Einstein had admired Mahatma Gandhi above any other living human being and studied his writings in detail. He’d also met repeatedly with the Nobel Prize–winning mystical poet Rabindranath Tagore, who told Einstein about the nondualistic pantheism of the Upanishads, some of the oldest and most sacred scriptures of India. And Einstein owned not one but five different editions of the ancient Chinese Taoist text Tao Te Ching—one of which he highlighted more heavily than any other book in his large personal library, which totaled some 2,400 volumes.
All of this was intriguing but not especially surprising. What did come as a total surprise was the discovery that a different spiritual tradition, one born in the Western world, had in fact exerted an enormous influence not just on Einstein but on almost every other major physicist of the last 500 years, including Johannes Kepler, Nicolaus Copernicus, Galileo, and Isaac Newton, as well as key founders of quantum mechanics such as Wolfgang Pauli and Werner Heisenberg. And this little-known spiritual school also had an immense impact on the Western philosophers Einstein most admired, namely Baruch Spinoza and Giordano Bruno.

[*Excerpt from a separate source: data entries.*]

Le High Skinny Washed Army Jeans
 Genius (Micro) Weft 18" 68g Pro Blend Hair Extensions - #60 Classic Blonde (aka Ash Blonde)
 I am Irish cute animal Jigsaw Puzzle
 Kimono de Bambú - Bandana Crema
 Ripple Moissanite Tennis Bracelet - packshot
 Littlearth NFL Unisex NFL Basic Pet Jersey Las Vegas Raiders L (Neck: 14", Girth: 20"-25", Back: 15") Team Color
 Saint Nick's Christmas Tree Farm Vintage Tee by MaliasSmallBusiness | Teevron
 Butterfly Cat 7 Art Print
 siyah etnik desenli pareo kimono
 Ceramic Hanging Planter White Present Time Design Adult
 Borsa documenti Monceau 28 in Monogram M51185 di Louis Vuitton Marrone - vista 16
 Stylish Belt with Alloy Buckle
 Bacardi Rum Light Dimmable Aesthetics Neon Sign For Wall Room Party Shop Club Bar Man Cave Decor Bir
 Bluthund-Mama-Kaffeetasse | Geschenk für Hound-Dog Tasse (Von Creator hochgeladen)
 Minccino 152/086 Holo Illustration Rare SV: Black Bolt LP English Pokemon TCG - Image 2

The tradition in question was known as Pythagoreanism. Founded by a Greek sage and mathematician known as Pythagoras, who lived from around 570 to 495 B.C.E., the philosophy embraced a strange mix of science and spirituality, mysticism and mathematics. The fundamental Pythagorean creed was that the cosmos was an integrated entity organized according to a divine and rational order—and that the human mind could grasp this underlying order through mathematics. It was the closest anyone had come to a kind of scientific spirituality, and these ideas ended up shaping all of modern science, especially physics. In fact, ever since the start of the Scientific Revolution, in the 16th century, the Pythagorean worldview has been the major inspirational force for all of the great thinkers who tried to understand the ultimate nature of reality with mathematical constructs.
Einstein was well aware he was carrying on this ancient tradition in his own work. He saw himself as a member of a timeless fellowship of spiritual-scientific seekers who were following in the footsteps of Pythagoras—thinkers and philosophers who sought to know the divine through the highest exertion of the human mind. The results: a total revolution in our view of the cosmos and its basic building blocks over the past five centuries speak for themselves.
I was astonished to discover just how oblivious I was to the deep spiritual roots of modern science—and to the secret spiritual yearnings that drove our greatest scientists to make their most important discoveries. Learning just how many of the major physicists of the modern age have been enchanted with the Pythagoreans makes it easy to understand how Einstein, who described himself as agnostic, could have held such a strong conviction that our cosmos can be understood through a mixture of religion and science. And his striking example shows us that we still have much to learn from the little-known spiritual traditions that lie at the origin of the Western world.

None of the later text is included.